While this may be useful for small talk at your next cocktail party, why is it relevant in a manufacturing blog? Is there an analogous conversation for rural manufacturing? If we said, “We are getting to know rural manufacturing,” would the witty, but correct, response be, “The only difference between rural and other manufacturing is that you can see more trees at lunch”?

Luckily for us, there is a wealth of data on urban and rural communities in America, which helps us move the conversation from anecdotal to factual. One such piece of data is a report published by the USDA Economic Research Service, entitled “Rural America At A Glance: 2016 Edition”. This report analyzes the social and economic differences between urban and rural America, highlighting key differences such as urban and rural communities having differing population levels, costs of living, employment levels, median earnings, industrial compositions, and industrial dependencies among others. The information presented in the report is useful, and we recommend giving the study a look. The one piece of information in the USDA report that really stood out to us (for obvious reasons) was rural America’s dependence on manufacturing.

Impacts of Manufacturing on Rural Communities

When there are downturns in manufacturing the economic impacts disproportionately affect rural communities. Nearly 350 – 348 to be exact, or 17.8%, of rural counties in America are manufacturing dependent, and 70% of all manufacturing dependent counties are non-metro (rural). Those manufacturing dependent counties make up 22.5% of the rural population in America. And although the earnings gap between urban and rural manufacturers is large, median earnings for manufacturing is still the second largest in rural counties. These numbers are significant and highlight the importance of manufacturing to rural America. The better we understand rural communities and the industries they rely on, the more we can do to support those industries.
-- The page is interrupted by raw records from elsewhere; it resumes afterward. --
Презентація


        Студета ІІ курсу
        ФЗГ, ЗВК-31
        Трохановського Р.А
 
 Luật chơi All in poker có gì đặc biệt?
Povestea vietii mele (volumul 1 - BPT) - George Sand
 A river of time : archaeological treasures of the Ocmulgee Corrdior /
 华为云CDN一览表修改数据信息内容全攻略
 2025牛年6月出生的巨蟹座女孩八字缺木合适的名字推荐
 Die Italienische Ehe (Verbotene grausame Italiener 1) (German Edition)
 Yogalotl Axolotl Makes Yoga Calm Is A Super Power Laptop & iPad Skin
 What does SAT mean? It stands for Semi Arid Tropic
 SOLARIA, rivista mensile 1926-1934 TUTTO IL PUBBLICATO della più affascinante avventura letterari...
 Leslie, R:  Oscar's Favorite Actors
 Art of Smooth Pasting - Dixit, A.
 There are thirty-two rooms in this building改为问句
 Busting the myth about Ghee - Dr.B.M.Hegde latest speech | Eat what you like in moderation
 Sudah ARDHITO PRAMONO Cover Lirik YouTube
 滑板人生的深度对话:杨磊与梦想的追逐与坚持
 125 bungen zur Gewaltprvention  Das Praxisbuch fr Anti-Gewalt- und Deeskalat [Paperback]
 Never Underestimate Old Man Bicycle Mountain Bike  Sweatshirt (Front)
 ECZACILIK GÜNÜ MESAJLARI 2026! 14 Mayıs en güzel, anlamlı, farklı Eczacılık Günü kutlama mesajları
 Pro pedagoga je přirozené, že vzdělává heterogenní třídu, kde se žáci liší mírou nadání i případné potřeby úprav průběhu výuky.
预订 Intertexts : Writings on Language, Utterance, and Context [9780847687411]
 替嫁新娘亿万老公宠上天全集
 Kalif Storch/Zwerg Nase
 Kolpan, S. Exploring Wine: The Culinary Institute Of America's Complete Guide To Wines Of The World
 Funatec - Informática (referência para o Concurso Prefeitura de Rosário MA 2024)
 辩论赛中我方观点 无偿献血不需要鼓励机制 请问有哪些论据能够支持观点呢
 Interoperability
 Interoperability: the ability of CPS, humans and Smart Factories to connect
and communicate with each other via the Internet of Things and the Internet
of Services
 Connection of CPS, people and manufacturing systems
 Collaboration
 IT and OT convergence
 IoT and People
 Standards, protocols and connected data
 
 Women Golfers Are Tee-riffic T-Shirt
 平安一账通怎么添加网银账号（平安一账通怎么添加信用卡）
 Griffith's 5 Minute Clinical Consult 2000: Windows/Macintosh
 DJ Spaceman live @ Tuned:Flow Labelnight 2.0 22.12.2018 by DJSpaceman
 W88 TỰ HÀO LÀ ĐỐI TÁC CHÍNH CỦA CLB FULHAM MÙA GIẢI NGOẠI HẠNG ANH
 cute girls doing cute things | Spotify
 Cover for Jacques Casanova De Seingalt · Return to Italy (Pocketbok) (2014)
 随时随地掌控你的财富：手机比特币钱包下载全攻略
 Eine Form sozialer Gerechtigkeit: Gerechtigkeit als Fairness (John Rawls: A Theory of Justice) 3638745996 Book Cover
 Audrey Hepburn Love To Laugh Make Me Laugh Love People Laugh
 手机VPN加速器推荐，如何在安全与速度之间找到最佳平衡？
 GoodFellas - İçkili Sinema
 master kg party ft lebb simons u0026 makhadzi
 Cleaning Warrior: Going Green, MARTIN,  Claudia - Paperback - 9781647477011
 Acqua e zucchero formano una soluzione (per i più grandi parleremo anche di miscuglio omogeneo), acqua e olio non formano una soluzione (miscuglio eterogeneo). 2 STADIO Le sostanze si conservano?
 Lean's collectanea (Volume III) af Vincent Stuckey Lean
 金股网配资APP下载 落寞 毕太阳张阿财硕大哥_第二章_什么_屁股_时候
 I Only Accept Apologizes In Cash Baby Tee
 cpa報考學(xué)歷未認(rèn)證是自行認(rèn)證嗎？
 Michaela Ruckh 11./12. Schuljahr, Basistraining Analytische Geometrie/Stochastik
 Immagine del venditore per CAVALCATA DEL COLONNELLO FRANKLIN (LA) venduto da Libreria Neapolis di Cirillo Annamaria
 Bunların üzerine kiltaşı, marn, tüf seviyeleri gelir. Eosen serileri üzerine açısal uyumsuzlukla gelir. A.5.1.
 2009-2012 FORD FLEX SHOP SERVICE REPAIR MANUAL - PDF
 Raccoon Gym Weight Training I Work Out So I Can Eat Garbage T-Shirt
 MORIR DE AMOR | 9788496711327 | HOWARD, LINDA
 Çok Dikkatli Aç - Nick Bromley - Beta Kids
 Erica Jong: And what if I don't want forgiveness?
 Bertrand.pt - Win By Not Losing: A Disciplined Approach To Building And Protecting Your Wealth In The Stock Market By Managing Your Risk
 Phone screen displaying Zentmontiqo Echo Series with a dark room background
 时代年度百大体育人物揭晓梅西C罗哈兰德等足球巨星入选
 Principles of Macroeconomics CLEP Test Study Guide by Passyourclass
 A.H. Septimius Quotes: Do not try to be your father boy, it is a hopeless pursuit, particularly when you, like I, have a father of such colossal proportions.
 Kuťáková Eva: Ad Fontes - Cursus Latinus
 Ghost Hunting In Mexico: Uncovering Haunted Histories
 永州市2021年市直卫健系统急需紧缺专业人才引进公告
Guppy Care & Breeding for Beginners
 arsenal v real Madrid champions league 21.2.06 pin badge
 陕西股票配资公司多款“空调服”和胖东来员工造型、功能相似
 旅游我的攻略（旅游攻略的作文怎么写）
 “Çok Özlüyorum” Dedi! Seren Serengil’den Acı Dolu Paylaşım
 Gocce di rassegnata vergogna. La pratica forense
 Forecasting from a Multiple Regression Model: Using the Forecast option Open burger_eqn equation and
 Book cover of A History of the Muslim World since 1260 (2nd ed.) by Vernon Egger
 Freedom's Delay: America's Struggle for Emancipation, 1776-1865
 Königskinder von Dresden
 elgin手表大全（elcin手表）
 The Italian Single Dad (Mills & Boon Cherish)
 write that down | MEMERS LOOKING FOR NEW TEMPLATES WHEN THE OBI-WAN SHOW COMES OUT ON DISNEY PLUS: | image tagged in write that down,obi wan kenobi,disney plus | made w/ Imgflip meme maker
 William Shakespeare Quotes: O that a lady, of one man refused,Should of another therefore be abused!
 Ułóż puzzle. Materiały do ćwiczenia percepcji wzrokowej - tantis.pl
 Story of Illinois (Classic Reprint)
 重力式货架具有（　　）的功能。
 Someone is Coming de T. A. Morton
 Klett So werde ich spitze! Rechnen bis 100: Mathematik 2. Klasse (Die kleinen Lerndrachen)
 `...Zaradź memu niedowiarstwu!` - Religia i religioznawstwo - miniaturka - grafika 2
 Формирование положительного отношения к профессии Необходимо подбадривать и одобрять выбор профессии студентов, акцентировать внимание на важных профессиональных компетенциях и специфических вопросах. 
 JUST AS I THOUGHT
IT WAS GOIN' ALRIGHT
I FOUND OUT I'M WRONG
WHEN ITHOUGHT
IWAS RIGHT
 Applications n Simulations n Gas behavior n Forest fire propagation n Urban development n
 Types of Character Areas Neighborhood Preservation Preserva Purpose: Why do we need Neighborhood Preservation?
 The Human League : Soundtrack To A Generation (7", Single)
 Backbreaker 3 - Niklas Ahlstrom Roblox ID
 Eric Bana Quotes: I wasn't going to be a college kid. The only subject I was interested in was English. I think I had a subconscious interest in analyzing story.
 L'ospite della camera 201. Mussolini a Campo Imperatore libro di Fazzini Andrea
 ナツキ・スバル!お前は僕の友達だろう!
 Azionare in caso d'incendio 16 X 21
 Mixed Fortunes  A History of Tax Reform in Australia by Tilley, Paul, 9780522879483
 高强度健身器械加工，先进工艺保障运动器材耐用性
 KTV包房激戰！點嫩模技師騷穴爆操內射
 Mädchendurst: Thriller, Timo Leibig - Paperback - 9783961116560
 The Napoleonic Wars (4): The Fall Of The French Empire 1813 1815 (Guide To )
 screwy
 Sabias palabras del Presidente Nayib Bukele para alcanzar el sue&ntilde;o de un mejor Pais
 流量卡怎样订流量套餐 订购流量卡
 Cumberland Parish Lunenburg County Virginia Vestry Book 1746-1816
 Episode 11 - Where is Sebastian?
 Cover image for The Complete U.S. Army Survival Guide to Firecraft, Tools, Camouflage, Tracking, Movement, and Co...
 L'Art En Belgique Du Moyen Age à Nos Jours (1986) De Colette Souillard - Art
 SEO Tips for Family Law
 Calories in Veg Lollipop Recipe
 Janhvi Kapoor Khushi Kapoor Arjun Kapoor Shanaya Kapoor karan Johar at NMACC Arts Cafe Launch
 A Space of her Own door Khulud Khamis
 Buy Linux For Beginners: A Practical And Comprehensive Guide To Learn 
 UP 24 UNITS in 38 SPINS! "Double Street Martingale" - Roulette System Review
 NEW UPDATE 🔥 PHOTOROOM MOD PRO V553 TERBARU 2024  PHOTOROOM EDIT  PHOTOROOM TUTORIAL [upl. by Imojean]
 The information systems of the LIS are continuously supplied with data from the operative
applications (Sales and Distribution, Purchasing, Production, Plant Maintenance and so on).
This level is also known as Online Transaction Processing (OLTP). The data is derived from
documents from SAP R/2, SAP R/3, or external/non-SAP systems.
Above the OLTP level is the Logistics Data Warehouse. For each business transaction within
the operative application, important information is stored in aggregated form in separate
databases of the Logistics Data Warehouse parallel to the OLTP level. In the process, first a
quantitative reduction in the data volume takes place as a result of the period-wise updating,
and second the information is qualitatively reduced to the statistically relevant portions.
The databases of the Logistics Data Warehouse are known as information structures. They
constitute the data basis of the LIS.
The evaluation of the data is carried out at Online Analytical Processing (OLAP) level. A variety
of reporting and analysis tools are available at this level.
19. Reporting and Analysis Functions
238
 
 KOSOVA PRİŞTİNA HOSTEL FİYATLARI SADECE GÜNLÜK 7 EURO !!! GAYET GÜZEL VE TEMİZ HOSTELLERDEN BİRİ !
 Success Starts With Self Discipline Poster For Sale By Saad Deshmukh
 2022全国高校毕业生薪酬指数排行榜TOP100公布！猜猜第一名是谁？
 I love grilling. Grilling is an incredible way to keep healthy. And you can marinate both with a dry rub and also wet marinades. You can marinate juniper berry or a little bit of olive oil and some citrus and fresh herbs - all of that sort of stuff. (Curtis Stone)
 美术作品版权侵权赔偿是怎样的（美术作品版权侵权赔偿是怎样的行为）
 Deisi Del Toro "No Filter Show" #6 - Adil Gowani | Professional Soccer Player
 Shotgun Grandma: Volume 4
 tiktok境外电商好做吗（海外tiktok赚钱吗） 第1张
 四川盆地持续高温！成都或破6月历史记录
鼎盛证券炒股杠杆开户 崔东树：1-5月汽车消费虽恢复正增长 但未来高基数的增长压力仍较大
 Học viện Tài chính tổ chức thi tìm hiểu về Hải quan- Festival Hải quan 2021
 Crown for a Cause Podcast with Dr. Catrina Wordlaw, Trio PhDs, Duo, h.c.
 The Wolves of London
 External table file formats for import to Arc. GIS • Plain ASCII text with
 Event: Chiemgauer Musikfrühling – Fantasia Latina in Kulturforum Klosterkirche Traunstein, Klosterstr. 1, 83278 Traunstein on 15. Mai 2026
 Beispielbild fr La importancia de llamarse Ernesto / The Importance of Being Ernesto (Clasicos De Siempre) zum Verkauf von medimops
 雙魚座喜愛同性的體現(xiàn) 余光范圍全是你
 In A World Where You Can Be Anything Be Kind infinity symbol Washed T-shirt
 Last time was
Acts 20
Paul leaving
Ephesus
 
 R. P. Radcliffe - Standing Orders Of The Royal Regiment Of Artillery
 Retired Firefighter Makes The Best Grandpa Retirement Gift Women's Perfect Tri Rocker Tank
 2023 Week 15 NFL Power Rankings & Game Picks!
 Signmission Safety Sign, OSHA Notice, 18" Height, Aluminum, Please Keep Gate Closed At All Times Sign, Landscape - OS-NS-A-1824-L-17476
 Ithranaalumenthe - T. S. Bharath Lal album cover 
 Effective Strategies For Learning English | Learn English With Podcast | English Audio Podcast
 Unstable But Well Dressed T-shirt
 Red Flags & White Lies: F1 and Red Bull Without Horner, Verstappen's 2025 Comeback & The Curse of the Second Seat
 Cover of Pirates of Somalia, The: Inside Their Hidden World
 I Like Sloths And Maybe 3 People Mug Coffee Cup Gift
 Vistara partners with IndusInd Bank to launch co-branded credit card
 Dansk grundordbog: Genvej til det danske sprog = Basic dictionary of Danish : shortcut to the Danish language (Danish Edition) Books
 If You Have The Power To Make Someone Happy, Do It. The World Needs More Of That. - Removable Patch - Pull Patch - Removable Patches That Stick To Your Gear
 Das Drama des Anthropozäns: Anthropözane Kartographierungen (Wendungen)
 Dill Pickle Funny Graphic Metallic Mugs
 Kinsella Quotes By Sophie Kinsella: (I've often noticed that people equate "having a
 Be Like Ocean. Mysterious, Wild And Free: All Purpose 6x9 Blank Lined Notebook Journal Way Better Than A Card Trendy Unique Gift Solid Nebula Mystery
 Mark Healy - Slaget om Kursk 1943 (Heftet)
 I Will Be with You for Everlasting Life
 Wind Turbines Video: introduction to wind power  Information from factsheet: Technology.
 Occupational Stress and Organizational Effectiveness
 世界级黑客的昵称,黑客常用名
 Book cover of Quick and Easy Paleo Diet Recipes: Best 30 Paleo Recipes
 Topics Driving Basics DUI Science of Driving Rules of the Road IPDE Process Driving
MEP National Network Supports Rural Manufacturers
The MEP National Network is in a unique position to both study and support rural manufacturing communities. The Network works with manufacturing companies in their local communities to enhance their competitiveness and reinforce their sustainability. As a result of these interactions, MEP Centers get feedback and data directly from companies, which informs our understanding of the industry and the communities in which they operate. This data was the foundation for a recent analysis of MEP Center’s rural clients done by the Manufacturing Research and Program Evaluation (MRPE) group of NIST MEP.

The rural client analysis leveraged unique survey data from Center clients to examine the extent to which the program reaches rural manufacturers and what those interactions tell us. From this analysis, we were able to examine characteristics of rural manufacturers in terms of industry, size, challenges, and reasons for engaging with MEP Centers. The analysis also examined the extent to which rural manufacturers have outcomes similar to urban manufacturers. The results from this analysis were telling.

And the Survey Says
There were significant correlations when looking at rural firms and some of the indicators which MEP Centers collect from their clients. The characteristic correlations are below.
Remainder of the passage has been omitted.